2. The gyratory crusher of claim 1 wherein the seal is made of polyurethane.
3. The gyratory crusher of claim 1 wherein the dust seal has a steel tube insert.
4. The gyratory crusher of claim 1 wherein the collar is located outside of the bracket.
5. The gyratory crusher of claim 1 wherein the dust seal is a ring with a parallelogram cross-section.
6. The gyratory crusher of claim 1 wherein the seal is arranged to maintain its free end in contact with the collar during rotation, gyration and axial movement of the shaft relative to the shell.
7. The gyratory crusher of claim 1 wherein the seal is disposed inside of the collar.
8. The gyratory crusher of claim 1 wherein the shaft extends substantially vertically, the collar disposed at a lower end of the shaft; the seal projecting from the slot in a direction having an upward component.

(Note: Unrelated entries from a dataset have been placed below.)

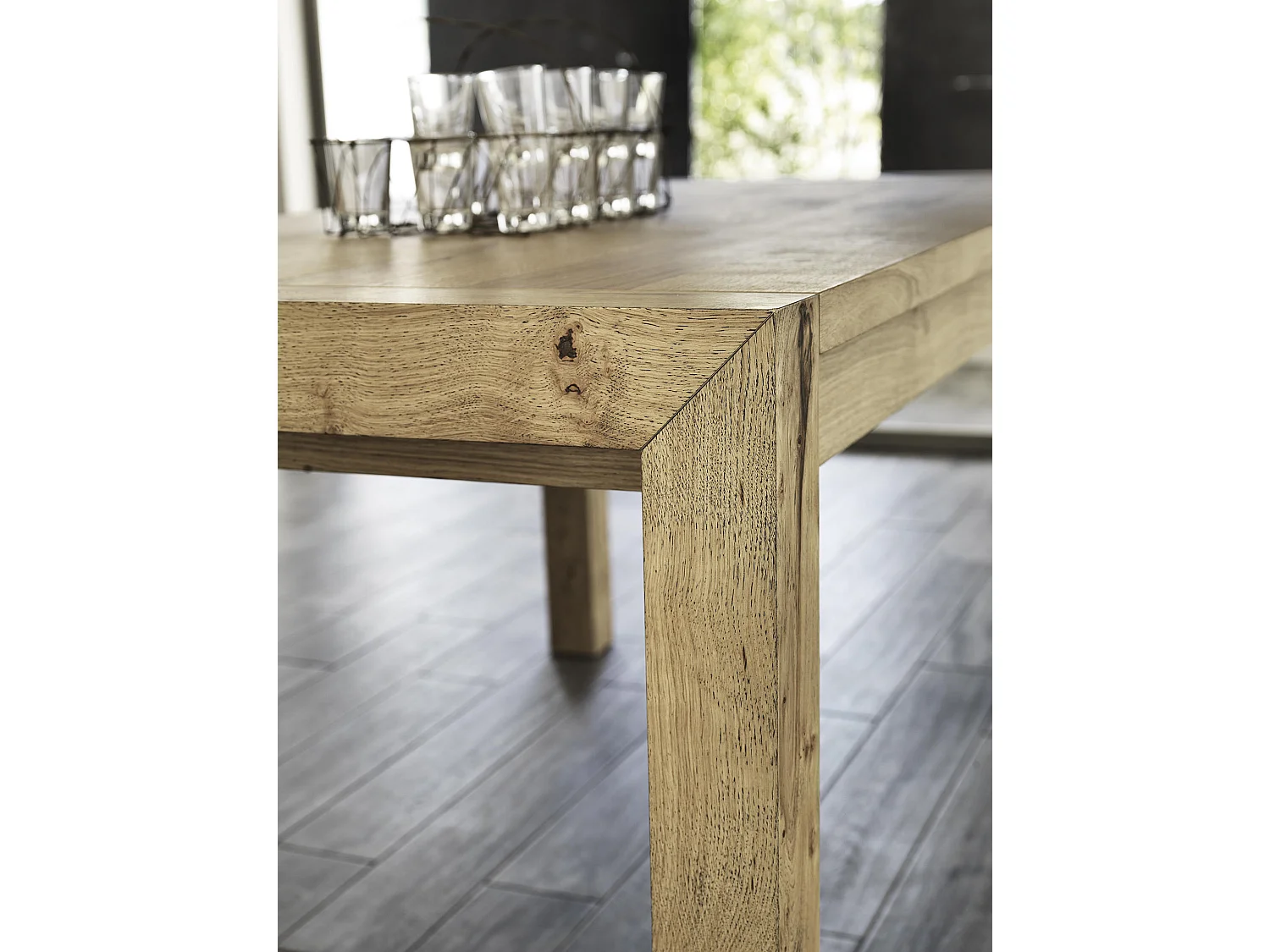 Nevada Table extensible (160/240x90 cm) en placage chêne brun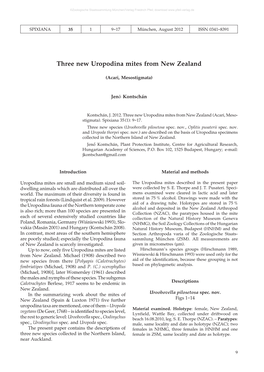 Three New Uropodina Mites from New Zealand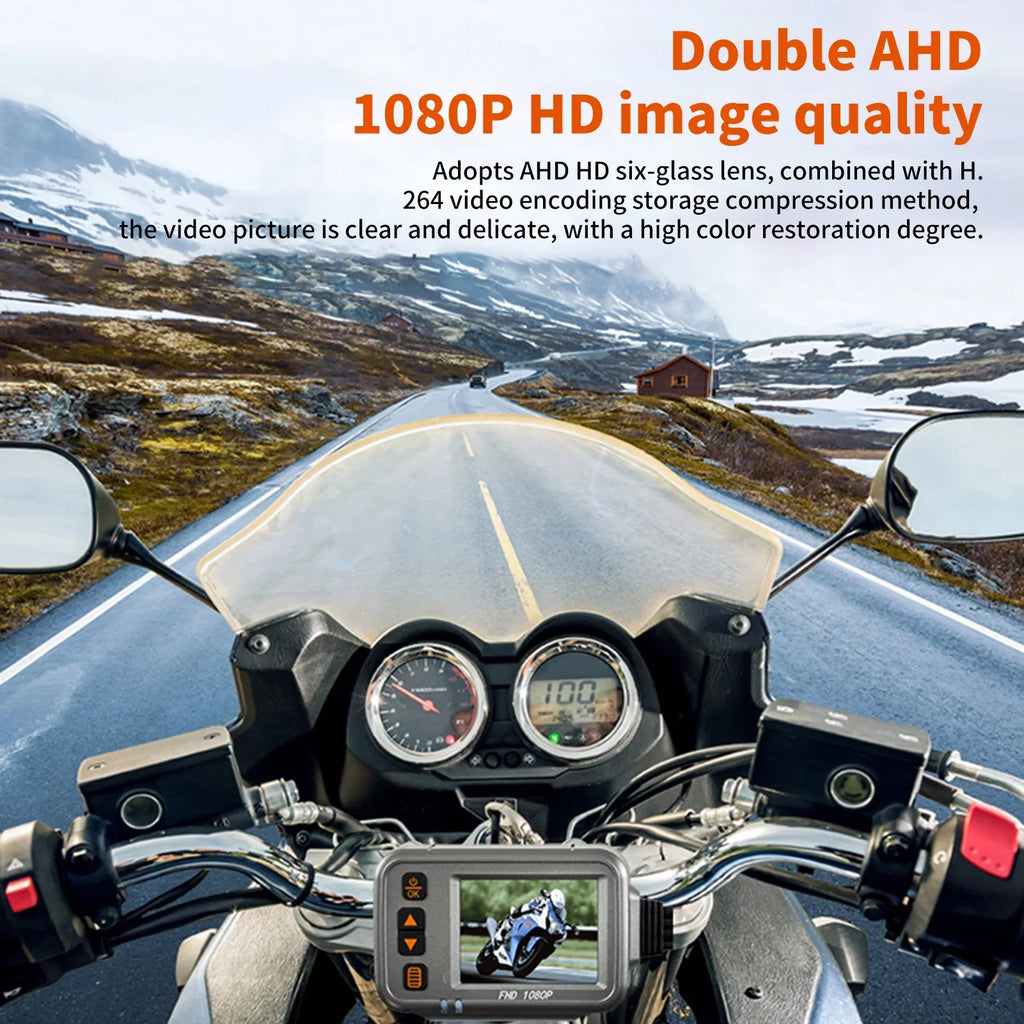 Pinnaco Motorcycle Dash Cam WiFi Dual 1080p Motorbike Camera Full HD Waterproof Night Vision - 32G Sizetorage Card Included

The present invention relates to rock crushing systems, such as conical rock crushers or gyratory crushers. More specifically, the present invention relates to a dust seal system for rock crushers.

Gyratory rock crushers generally have a downwardly expanding central conical member which rotates or gyrates within an outer upwardly expanding frustroconically shaped member typically called a shell. The shell can be comprised of two or more pieces, e.g., a top shell and a bottom shell. The central conical member generally has a wearing cover or a liner called a mantle. A spider assembly rests on the top shell, forming the top of the support structure for the machine.

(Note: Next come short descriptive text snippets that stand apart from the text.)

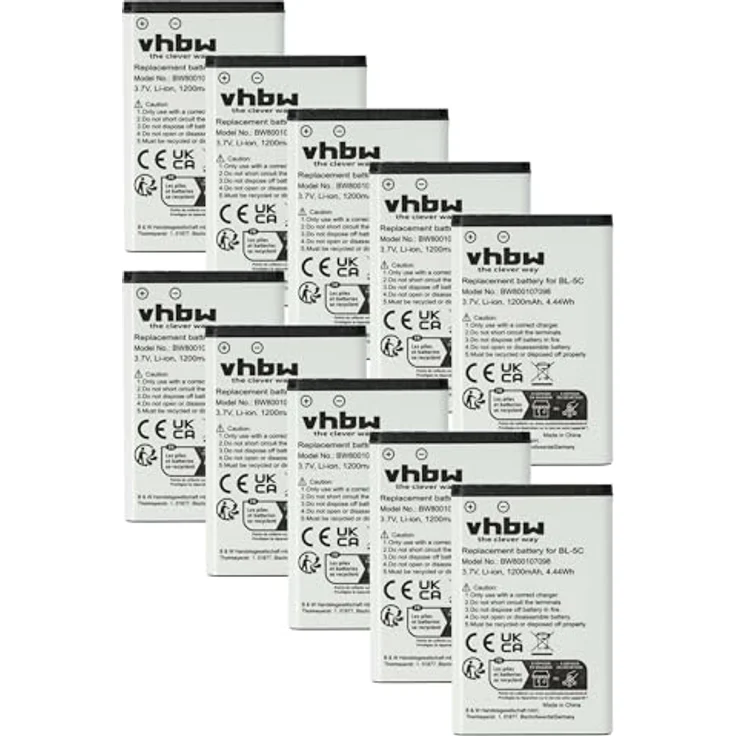 vhbw 10x Akku Ersatz für RTX 10000058, Lithium-Ionen Hochleistungsakku mit 1200 mAh und 3,7 Volt – Bild 1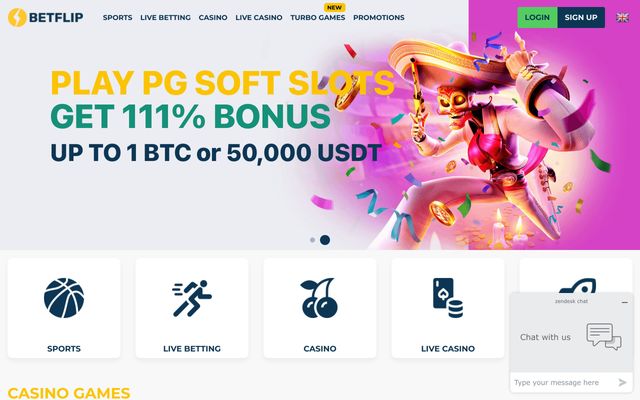 Betflip Casino Homepage Image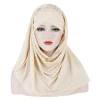 foulard musulman uni hijabs avec châles et enveloppes de perles femme musulman hijab prêt à porter turban foulards de tête pour femmes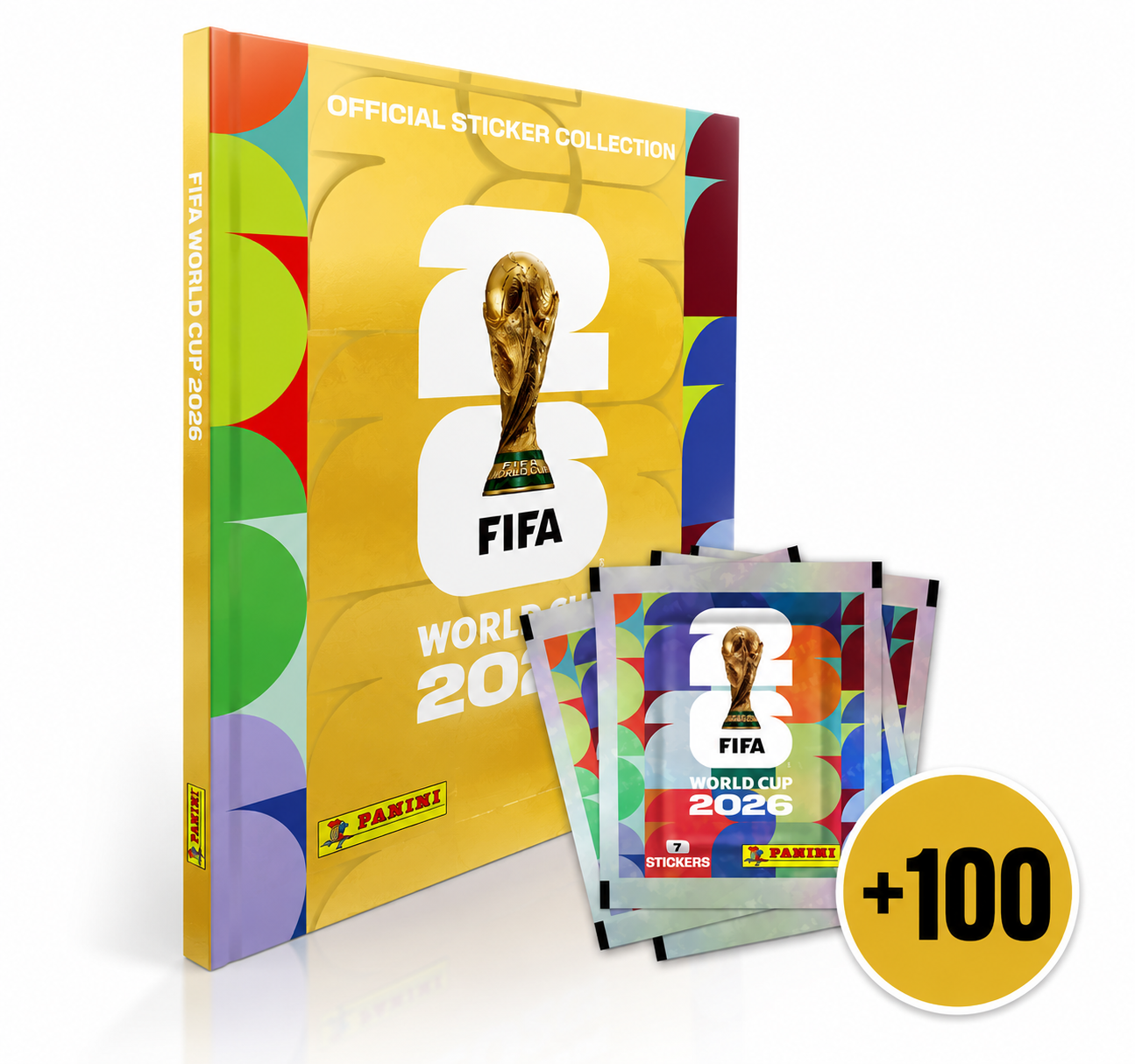 Álbum Panini FIFA World Cup 2026 Tapa Dura Dorado Original + 100 SOBRES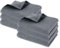 Pagnanno. Set of 6 Kitchen Towels 45 x 70 cm Cotton Waffle Weave Hotel Quality Absorbent Quick Dry Kitchen Bar Towels Grey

A shaft extends vertically through the rock crusher. This shaft is supported by a bearing in the spider assembly. The central portion of the shaft tapers inwardly in an upward direction to form the central conical crushing member. This portion of the shaft supports the mantle, which moves with the shaft to effect the crushing operation. The spider assembly is designed to support the shaft while allowing gyratory movement during operation of the machine. Additionally, the vertical position of the shaft is controlled by a piston arrangement in the spider.

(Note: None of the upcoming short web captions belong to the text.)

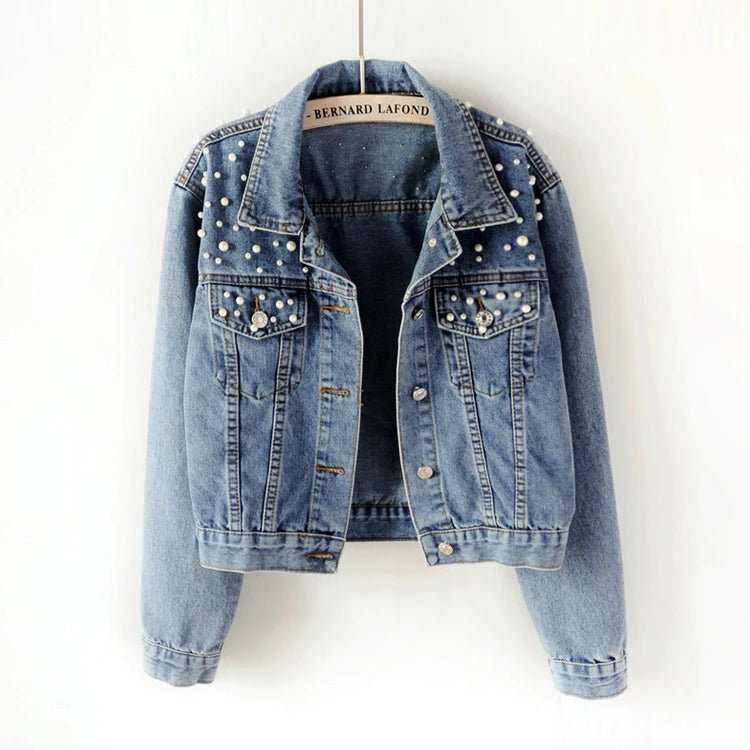Denim Jacket With Ripped Detailing And Turn Down Collar – Vintage Streetwear Loose Fit Outerwear - SN Wigs & More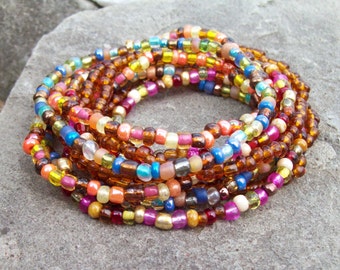 Stretch Stack Beaded Festival Bracelets, Colorful beaded bracelets, Boho, Hippie, 9 Stack bracelet set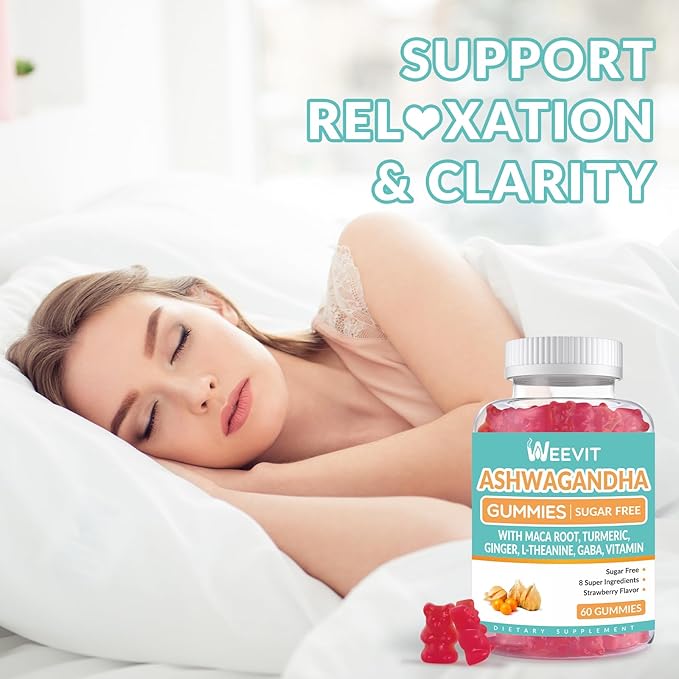 Ashwagandha Gummies Ashwagandha with L-Theanine Maca Root Vitamin D for Women &amp Men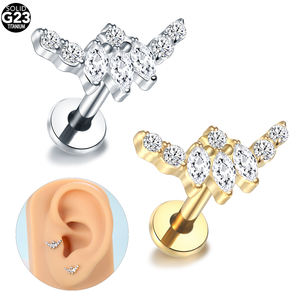 Roscado interno ASTM F136 Titanio Moda CZ Labret <span class=keywords><strong>Monroe</strong></span> <span class=keywords><strong>Piercing</strong></span> Pendientes Stud Oreja Cartílago <span class=keywords><strong>Labio</strong></span> <span class=keywords><strong>Piercing</strong></span> Joyería - Product Image 1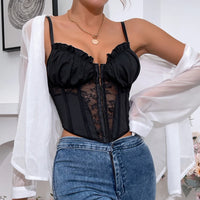 Top Bustier noir en petite dentelle sans manches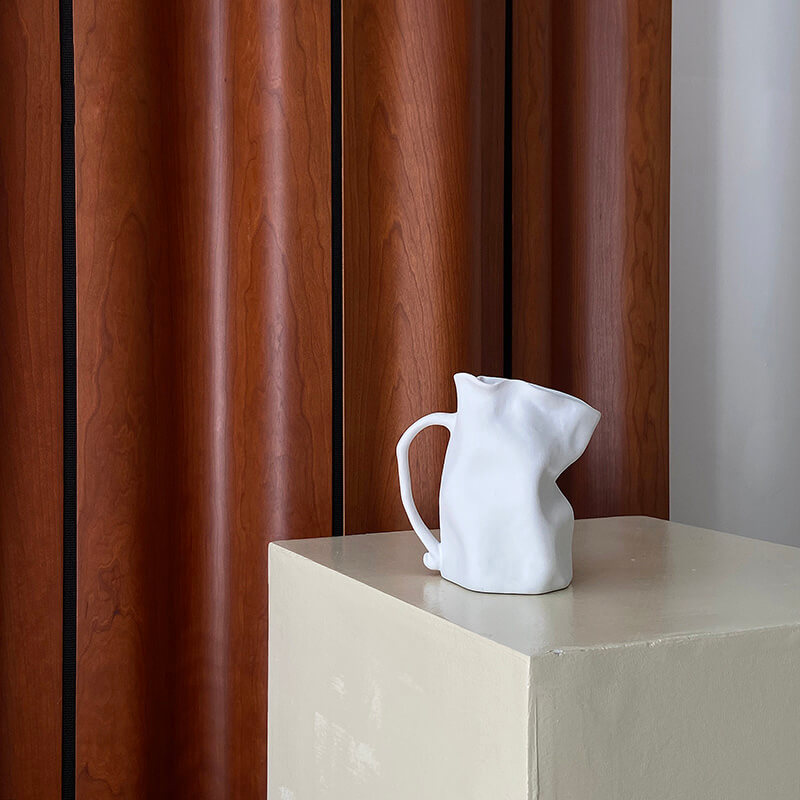 Lighteme Irregularly Pleated Ceramic Vase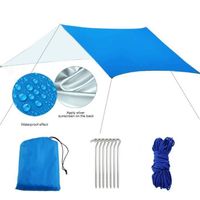 gift-Tente d'auvent de protection solaire imperméable Bleue extérieure multifonctionnelle auvent de parasol de plage multifonctionn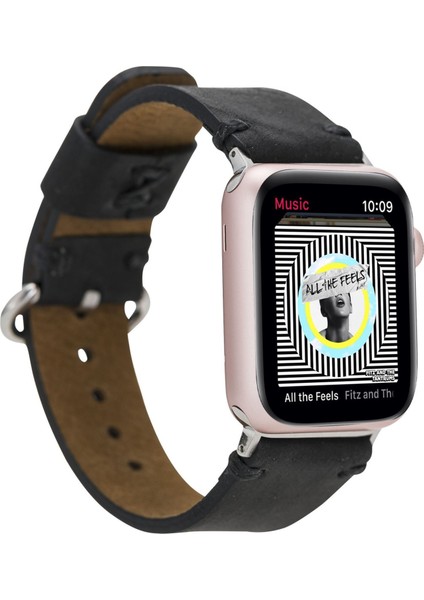 Mulvxurg URG02 Apple Watch Uyumlu Deri Kordon Orfe 42-44-45MM G1 Siyah (Mulvix)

A drive gear and eccentric arrangement effect the gyratory motion of the shaft. This equipment, located at the bottom of the crusher, must be protected from dust and other debris due to crusher operation. Particularly, contaminants must be kept out of the lubrication system. Therefore, gyratory crushers have a dust seal system to keep dust out of these interior workings. A typical embodiment of a conventional dust seal system has a bracket attached to the shaft with a slot containing a floating ring seal. The seal travels on a dust liner cylinder, which is fixed to the frame. The portion of the dust seal system which faces the falling debris must be sloped such that no debris piles up on that component. Disadvantages of these conventional systems are that the bracket is subject to wear because the bracket is in the stream of falling material, and the height of the crusher is increased because of the necessary slope of the bracket to prevent material accumulation.

Therefore, it would be advantageous to have a dust seal system that has decreased space requirements, that protects the bracket from excessive wear, and that allows a reduced crusher height.

An exemplary embodiment relates to a dust seal system for a gyratory crusher having a shaft and a frame. The system includes a bracket having a slot attached to the frame. A dust seal is disposed within the slot. Further, a collar is attached to the shaft, such that the collar is in contact with the seal.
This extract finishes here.